Additional Resources

e-file for Charities and Non-Profits, IRS

Changes To 2014 Form 990, Form 990-EZ, And Form 990-PF For Exempt Organizations, McGuire Woods


The Avengers, a Nonprofit Corporation


In the recently released Avengers: Age of Ultron, Captain America referred to the bylaws in stating that there were no restrictions against relationships between members. This of course proves (in my mind) that the Avengers are not only a superhero team that saves the world on a regular basis but also a nonprofit corporation. Here is the way the startup process played out in my head:

Corporation. A group of individuals that will engage in activities may form a corporation to mitigate the risks of personal liability. Without forming a corporation, the group might be characterized as an unincorporated association or partnership. While Thor may be judgment-proof (he could simply fly off to Asgard where our courts have no jurisdiction) and could probably care less, Tony Stark (Ironman) has significant personal assets and wouldn’t let The Avengers operate without the limited liability protection offered by a corporation. Cap might have argued about some ethical obligation to pay for any of the corporation’s liabilities, but he would have been outvoted.

Nonprofit. A nonprofit corporation, unlike a for-profit corporation, has no owners and does not make distributions of its net income to any shareholders. Cap’s insistence that the corporation be a nonprofit would have carried the day despite Stark’s preference for the flexibility of a for-profit form like the benefit corporation. These two heroes have been on a collision course from the start … stay tuned.

Tax-exempt. A nonprofit may be tax-exempt under Internal Revenue Code Section 501(c)(3) if it has a charitable purpose or under Section 501(c)(4) if it has a social welfare purpose. Generally, only a 501(c)(3) provides the benefit of being able to receive deductible charitable contributions, but in return, it’s subject to certain limitations on lobbying and gives up the right to engage in political campaign intervention activities. Because Stark is providing substantial funding, he insisted on forming an exempt organization under 501(c)(3) to benefit from the charitable deduction. Cap favored the 501(c)(3) because it signals that The Avengers exist for charitable purposes, including lessening the burdens of government and relief of the distressed (which includes all of us when the bad guys/robots/aliens threaten to destroy the world).

Private foundation. Because Stark and his company Stark Industries are providing substantially all of the funding, The Avengers will not be able to pass either of the applicable public support tests (509(a)(1)/170(b)(1)(A)(vi) or 509(a)(2)) to qualify as a public charity. Accordingly, it will be a private foundation subject to the more restrictive laws applicable to a private foundation, including those prohibiting self-dealing, excess business holdings, jeopardizing investments, and taxable expenditures (including those on lobbying and grants to individuals). However, because The Avengers will not be a grantmaking entity, it was structured to qualify as a private operation foundation, which is not subject to the private foundation tax on failure to distribute income.
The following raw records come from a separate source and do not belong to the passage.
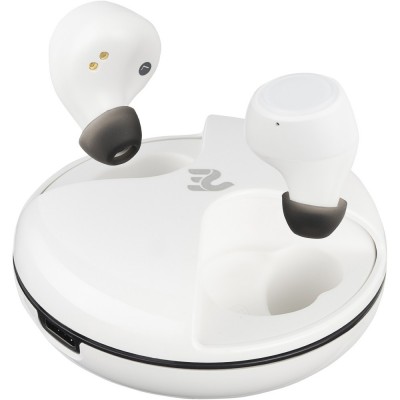 Гарнітура 2E RainDrops Light TWS Waterproof Mic White (2E-EBTWRDLWT)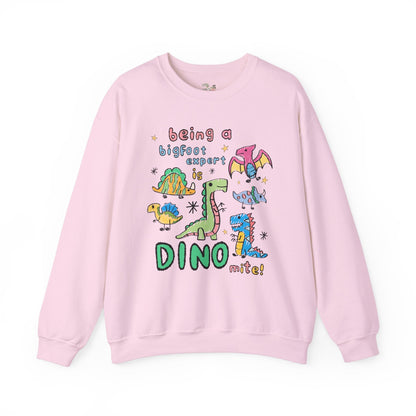 Bigfoot Expert Sweatshirt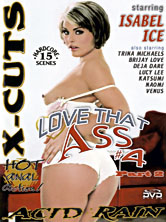 Love That Ass #4 Part. 2 DVD Cover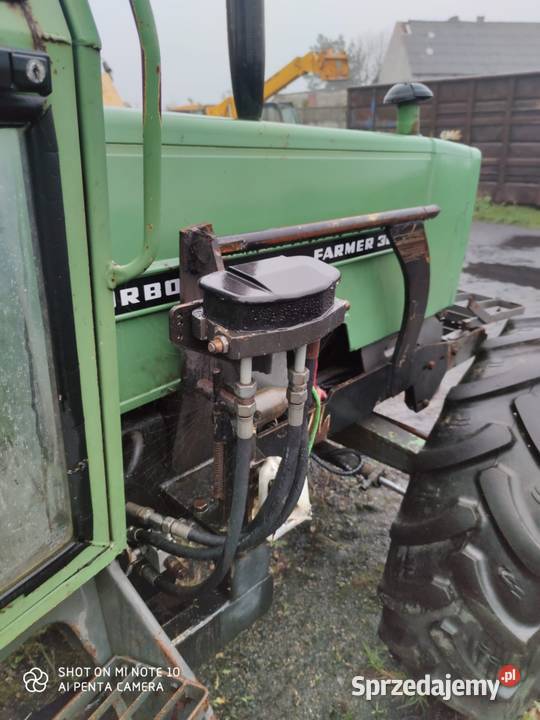 Fendt Farmer 306 LS moc 70 Łobżenica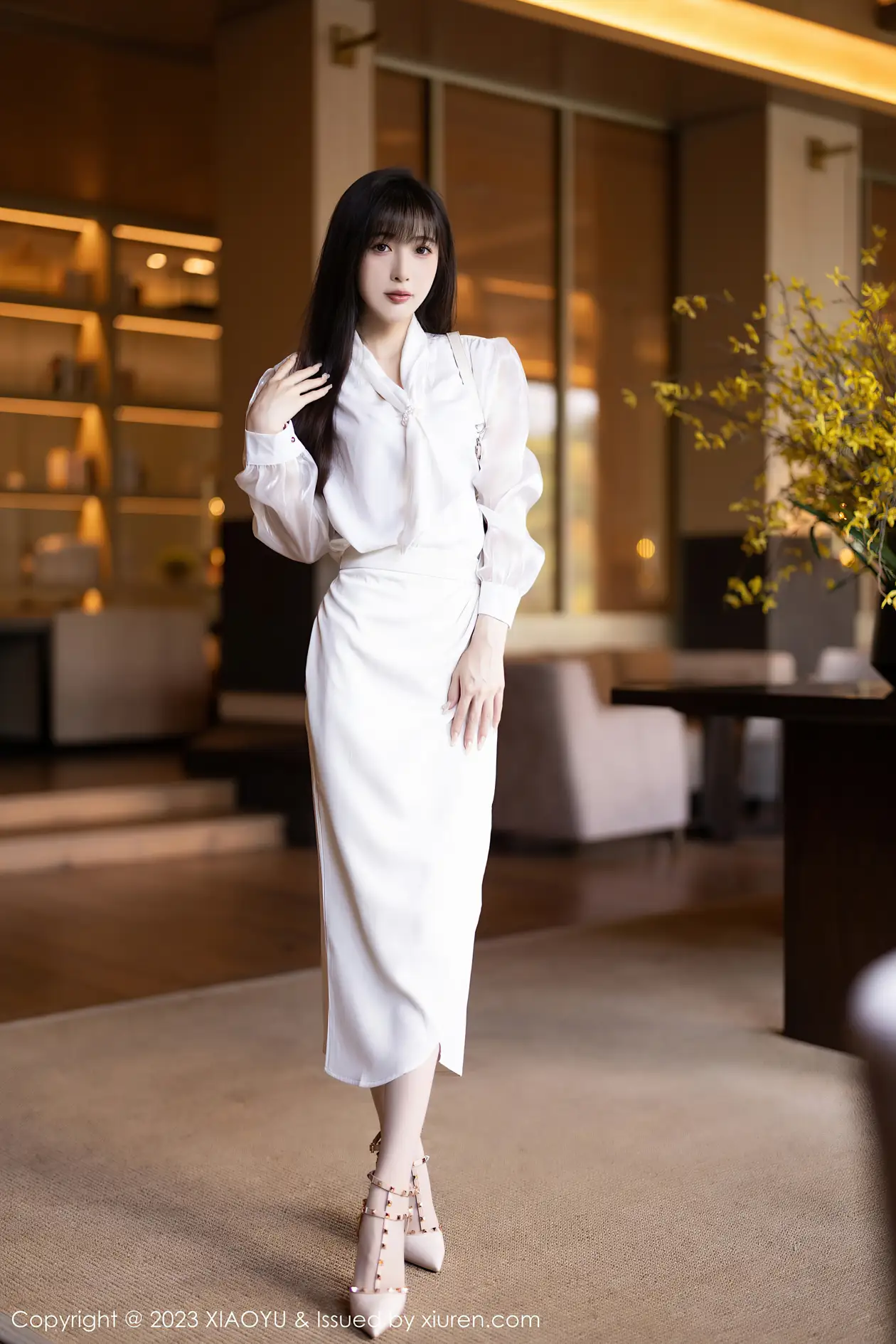 [语画界] 2023.08.09 VOL.1088 林星阑#[92P]-7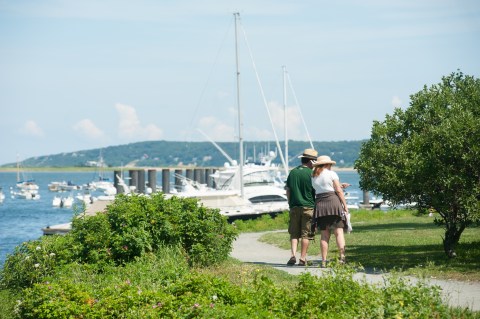 The Oldest Town In Massachusetts That Everyone Should Visit At Least Once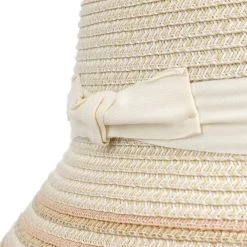 Tricia Cloche Stoffhut By Betmar -Stetson Speichern Tricia Cloche Stoffhut by Betmar natur.62425 5rf40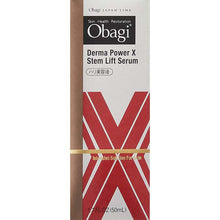 画像をギャラリービューアに読み込む, ROHTO Obagi Skin Health Restoration Dermapower X Stem Lift Serum (Collagen Elastin Essence) 50ml Intensive Solution for Skin
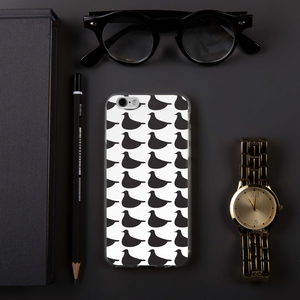 Black Birds | iPhone Case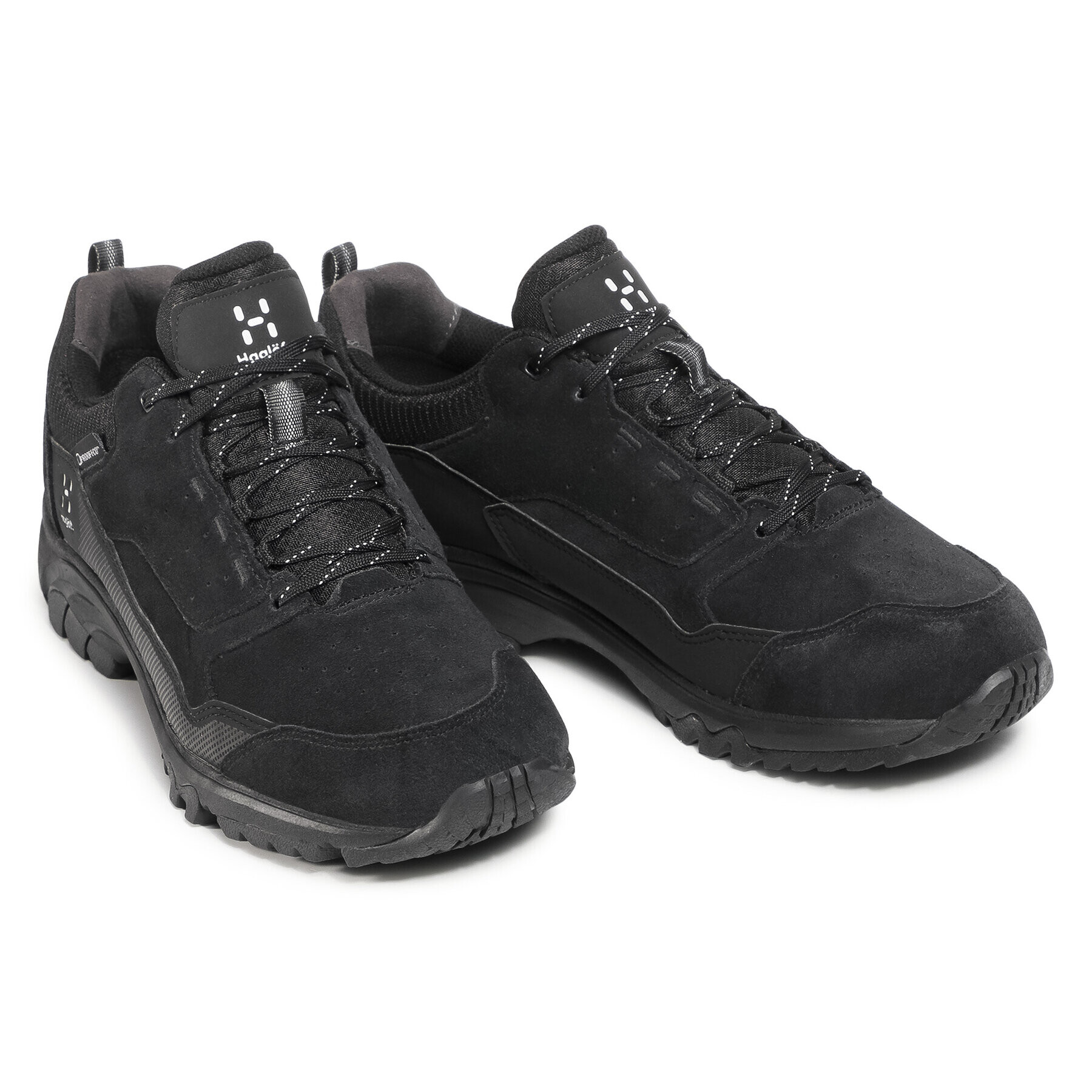 Haglöfs Туристически Skuta Low Proof Eco Men 498410 Черен - Pepit.bg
Governance. A nonprofit corporation is governed by a board of directors. Initially, each of the individual Avengers wanted to be a board member (director). However, that was determined not to be the best arrangement, particularly because they soon determined that some individuals were not keen on meeting their fiduciary duties and director responsibilities, including providing financial and program oversight, planning how to most effectively and efficiently advance The Avengers’ charitable mission in the near and long-term future, and protecting charitable assets. One very important part of meeting a board member’s fiduciary duties is attending meetings. Bruce Banner decided to abstain from serving as a director based on his inconsistent availability and ability to cooperate with others (particularly when he gets angry). Because directors must disclose their names on the IRS annual information return (Form 990), any Avenger with a secret identity would not be able to serve as a director. Individuals from foreign jurisdictions (like Thor) are permitted to serve as directors, but the IRS may give additional scrutiny to any nonprofit whose board was composed of directors who all resided in a foreign country, planet, or dimension.

Officers. Generally, a nonprofit corporation requires three officers: a president (or chair of the board), a treasurer, and a secretary. While many state laws and best practices prohibit the president from concurrently serving as treasurer or secretary, most permit one individual to serve as both treasurer and secretary. Cap was elected as president in a unanimous vote. Stark certainly had the financial management expertise to serve as treasurer, but since he was known to be a rule-breaker, it was decided he would make for a poor officer. Natasha Romanova (Black Widow) had a checkered past, but a majority of the directors trusted her enough to elect her as treasurer. The Vision was unanimously elected as Secretary.



Nonprofit Tweets of the Week – 5/8/15

Speaker at Business Conference and Presentation.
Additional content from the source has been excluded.